Short text fragments from websites
- - - - -

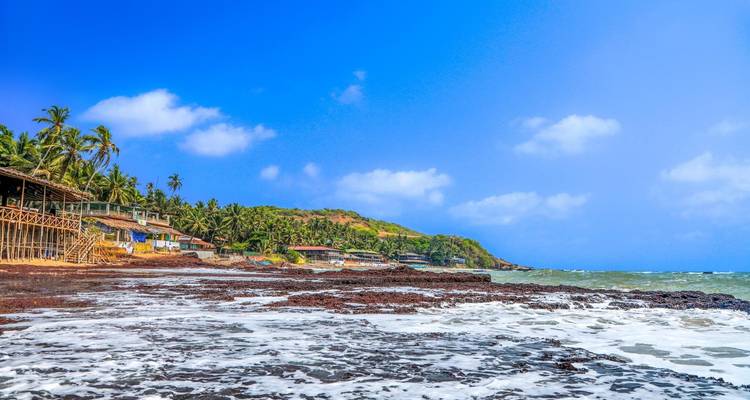 Malerische Strandpromenade mit Palmen und felsiger Küstenlinie.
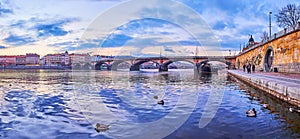 Panorama of Palacky Bridge and evening Vltava with mallards, Prague, Czechia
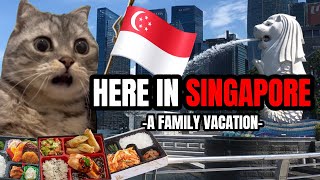 CAT MEMES: HERE IN SINGAPORE PT.2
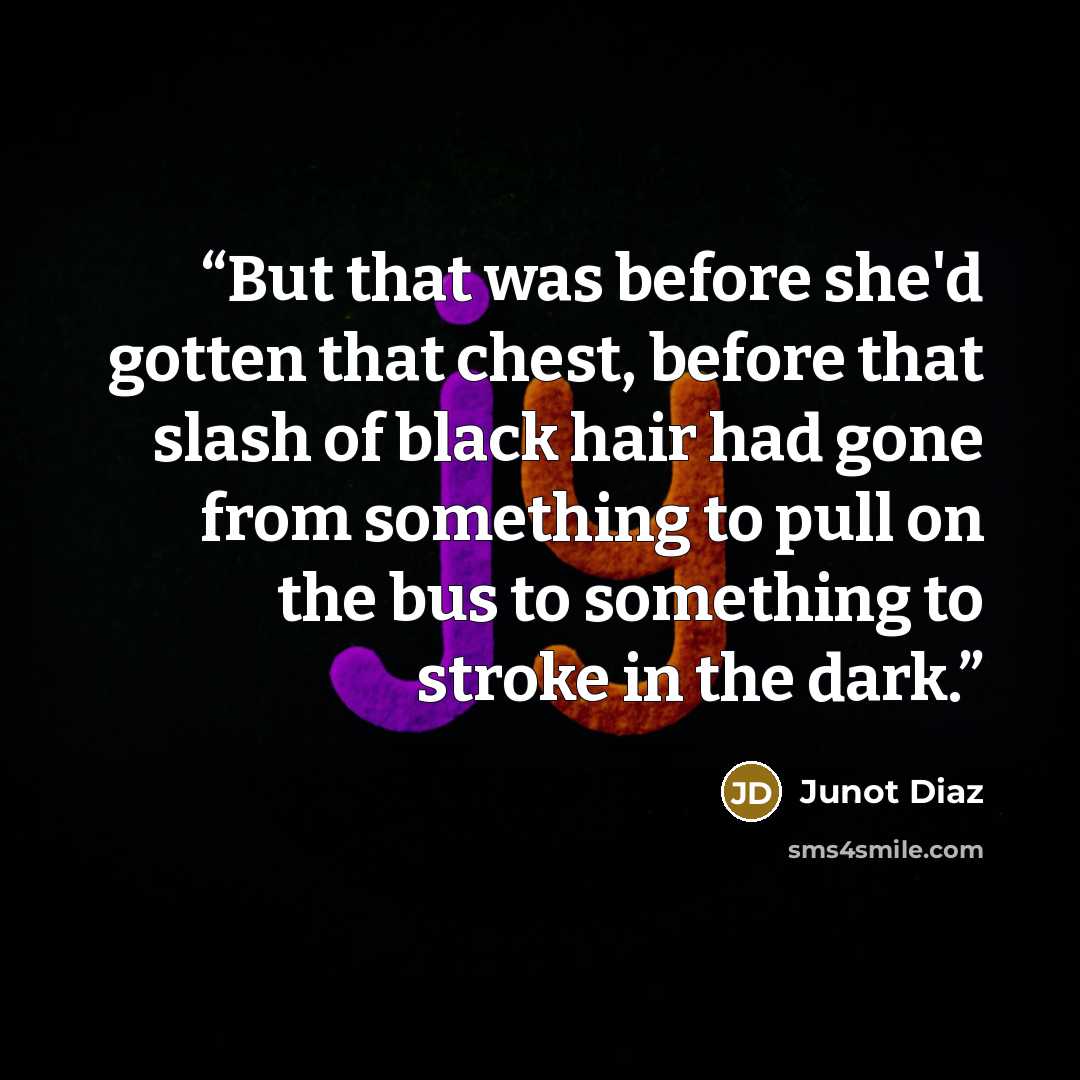 “But that was before she'd gotten that chest, before that slash of black hair had gone from something to pull on the bus to something to stroke in the dark.” quote by Junot Díaz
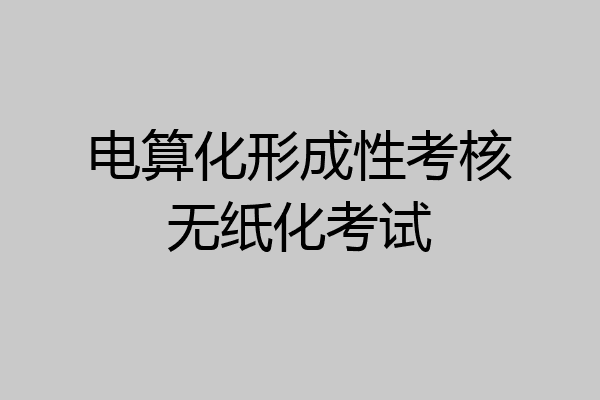 电算化形成性考核无纸化考试
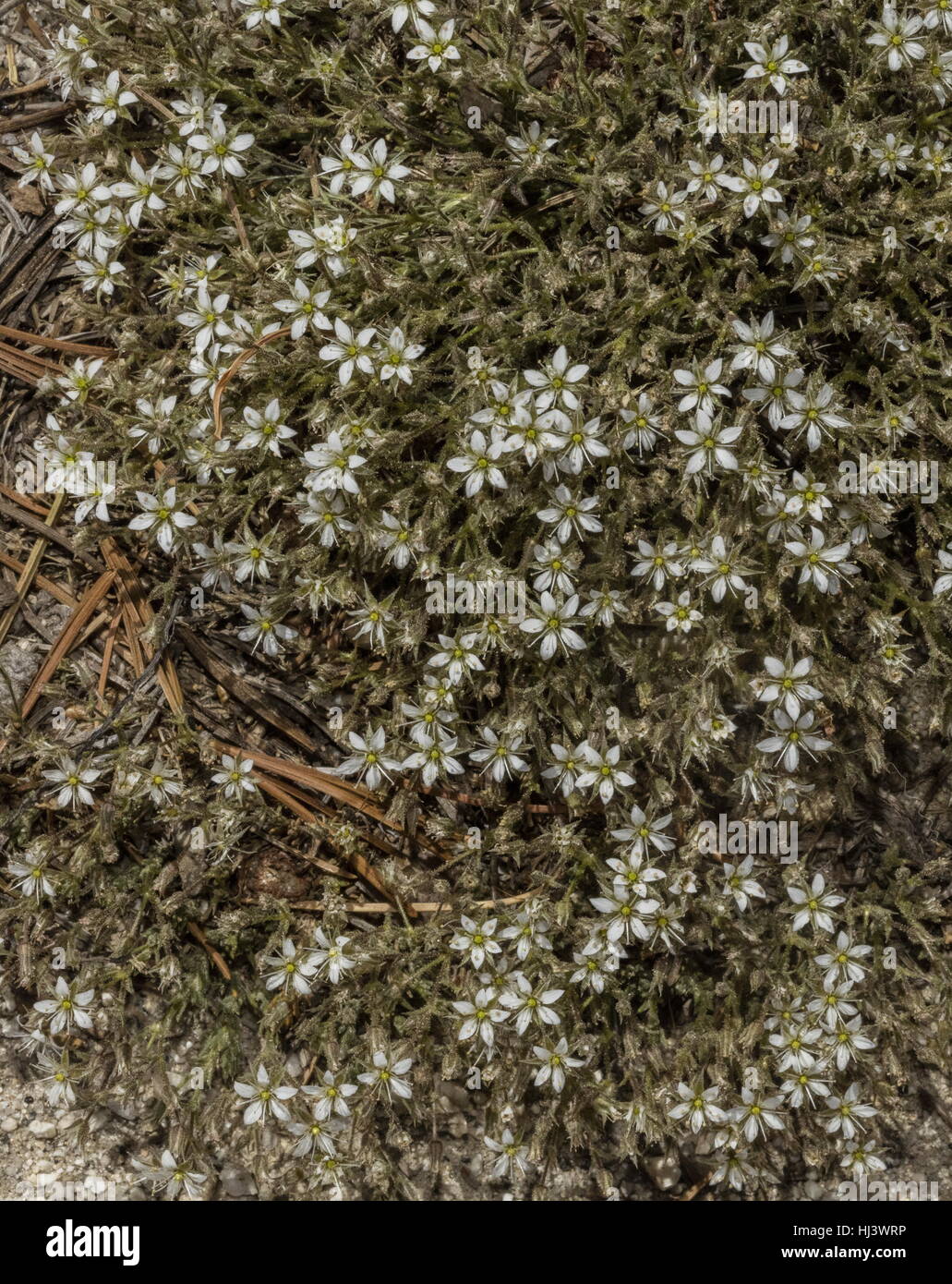 King's smooth sandwort, Eremogone kingii var. glabrescens, in flower in high Sierra Nevada. Stock Photo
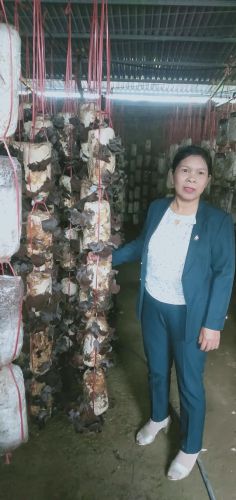 Thành công với mô hình trồng nấm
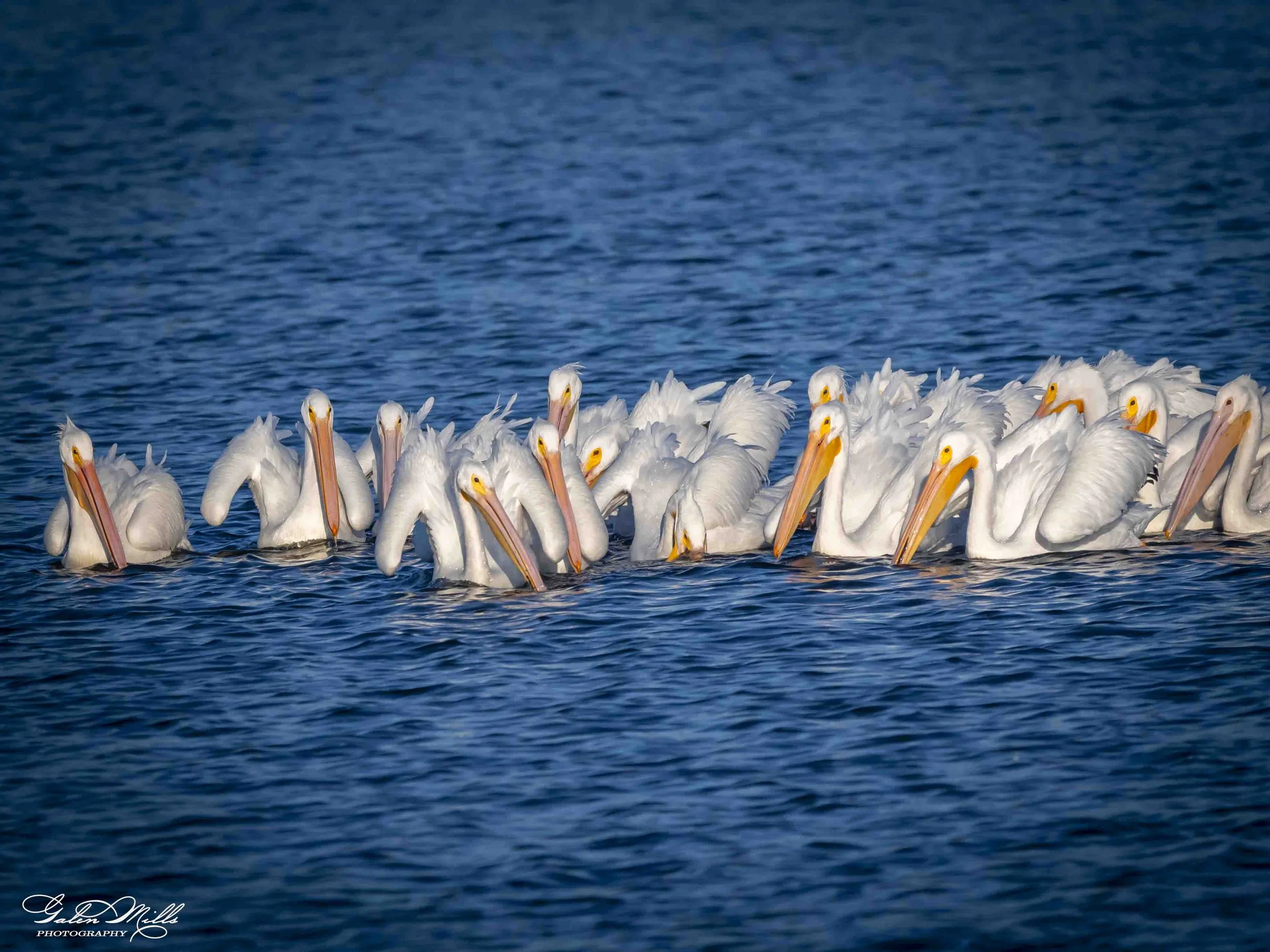 Water birds  Horz-33.jpg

- - - - -

◆ WORK REQUIRED ◆
Pictures excluded, output exactly the line that contains "Panorama of Palacky" and every line after it to the end of the data above.

◆ EXERCISE OUTPUT ◆
 Panorama of Palacky Bridge and evening Vltava with mallards, Prague, Czechia
 CAT MEMES: HERE IN SINGAPORE PT.2
 “But that was before she'd gotten that chest, before that slash of black hair had gone from something to pull on the bus to something to stroke in the dark.” quote by Junot Díaz
 电算化形成性考核无纸化考试
 King's smooth sandwort, Eremogone kingii var. glabrescens, in flower in high Sierra Nevada. Stock Photo
 Thành công với mô hình trồng nấm
 Water birds  Horz-33.jpg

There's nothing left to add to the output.